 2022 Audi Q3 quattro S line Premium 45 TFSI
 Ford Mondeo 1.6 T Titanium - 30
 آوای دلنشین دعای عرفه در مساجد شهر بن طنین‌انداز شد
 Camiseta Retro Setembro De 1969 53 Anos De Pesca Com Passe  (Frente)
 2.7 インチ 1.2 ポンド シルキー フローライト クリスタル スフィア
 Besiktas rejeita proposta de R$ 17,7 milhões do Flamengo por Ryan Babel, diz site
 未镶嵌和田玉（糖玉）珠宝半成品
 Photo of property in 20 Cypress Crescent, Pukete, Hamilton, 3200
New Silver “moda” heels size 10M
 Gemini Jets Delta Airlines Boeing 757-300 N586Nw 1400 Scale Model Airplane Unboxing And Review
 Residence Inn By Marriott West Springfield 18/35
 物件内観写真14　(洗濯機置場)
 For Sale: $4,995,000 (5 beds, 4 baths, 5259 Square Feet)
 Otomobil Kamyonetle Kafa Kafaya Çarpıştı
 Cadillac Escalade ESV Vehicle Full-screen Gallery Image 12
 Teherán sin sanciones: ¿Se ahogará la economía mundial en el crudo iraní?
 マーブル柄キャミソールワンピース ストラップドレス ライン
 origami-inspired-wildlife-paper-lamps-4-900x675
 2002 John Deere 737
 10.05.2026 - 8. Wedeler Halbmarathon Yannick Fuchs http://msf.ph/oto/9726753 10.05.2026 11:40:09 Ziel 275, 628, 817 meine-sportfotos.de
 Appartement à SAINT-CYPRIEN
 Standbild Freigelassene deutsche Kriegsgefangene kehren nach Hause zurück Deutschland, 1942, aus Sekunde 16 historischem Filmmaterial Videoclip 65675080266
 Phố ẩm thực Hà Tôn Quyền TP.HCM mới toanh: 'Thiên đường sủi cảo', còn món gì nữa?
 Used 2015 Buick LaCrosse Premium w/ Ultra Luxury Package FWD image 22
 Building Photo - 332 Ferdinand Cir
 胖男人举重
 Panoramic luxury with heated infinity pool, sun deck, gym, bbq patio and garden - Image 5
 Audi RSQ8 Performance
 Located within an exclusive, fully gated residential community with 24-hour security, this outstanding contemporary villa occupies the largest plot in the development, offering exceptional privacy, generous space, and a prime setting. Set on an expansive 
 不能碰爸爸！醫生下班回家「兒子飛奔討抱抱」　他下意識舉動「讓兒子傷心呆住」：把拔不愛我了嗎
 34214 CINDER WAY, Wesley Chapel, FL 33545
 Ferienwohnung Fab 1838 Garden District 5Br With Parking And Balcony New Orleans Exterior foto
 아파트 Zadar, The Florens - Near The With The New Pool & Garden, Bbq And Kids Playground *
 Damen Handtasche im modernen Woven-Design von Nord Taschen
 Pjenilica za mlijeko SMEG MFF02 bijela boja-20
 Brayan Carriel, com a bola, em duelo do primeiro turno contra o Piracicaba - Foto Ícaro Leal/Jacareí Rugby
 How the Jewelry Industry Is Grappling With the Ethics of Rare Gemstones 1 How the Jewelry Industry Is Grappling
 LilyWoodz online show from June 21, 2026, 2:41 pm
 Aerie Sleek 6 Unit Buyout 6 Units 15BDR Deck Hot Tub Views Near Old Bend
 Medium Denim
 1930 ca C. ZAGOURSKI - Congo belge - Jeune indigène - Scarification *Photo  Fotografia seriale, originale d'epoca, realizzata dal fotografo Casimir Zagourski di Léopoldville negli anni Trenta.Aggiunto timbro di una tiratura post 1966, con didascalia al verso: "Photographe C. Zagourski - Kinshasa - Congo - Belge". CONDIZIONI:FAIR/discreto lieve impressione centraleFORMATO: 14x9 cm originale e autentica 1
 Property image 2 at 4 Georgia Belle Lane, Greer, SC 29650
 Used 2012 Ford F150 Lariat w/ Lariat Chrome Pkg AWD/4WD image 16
---------------
Exactly reproduce the lines beginning with the one that contains "How the Jewelry Industry Is Grappling With" and ending with the last line of the material, both included. Leave out everything else.

 How the Jewelry Industry Is Grappling With the Ethics of Rare Gemstones 1 How the Jewelry Industry Is Grappling
 LilyWoodz online show from June 21, 2026, 2:41 pm
 Aerie Sleek 6 Unit Buyout 6 Units 15BDR Deck Hot Tub Views Near Old Bend
 Medium Denim
 1930 ca C. ZAGOURSKI - Congo belge - Jeune indigène - Scarification *Photo  Fotografia seriale, originale d'epoca, realizzata dal fotografo Casimir Zagourski di Léopoldville negli anni Trenta.Aggiunto timbro di una tiratura post 1966, con didascalia al verso: "Photographe C. Zagourski - Kinshasa - Congo - Belge". CONDIZIONI:FAIR/discreto lieve impressione centraleFORMATO: 14x9 cm originale e autentica 1
 Property image 2 at 4 Georgia Belle Lane, Greer, SC 29650
 Used 2012 Ford F150 Lariat w/ Lariat Chrome Pkg AWD/4WD image 16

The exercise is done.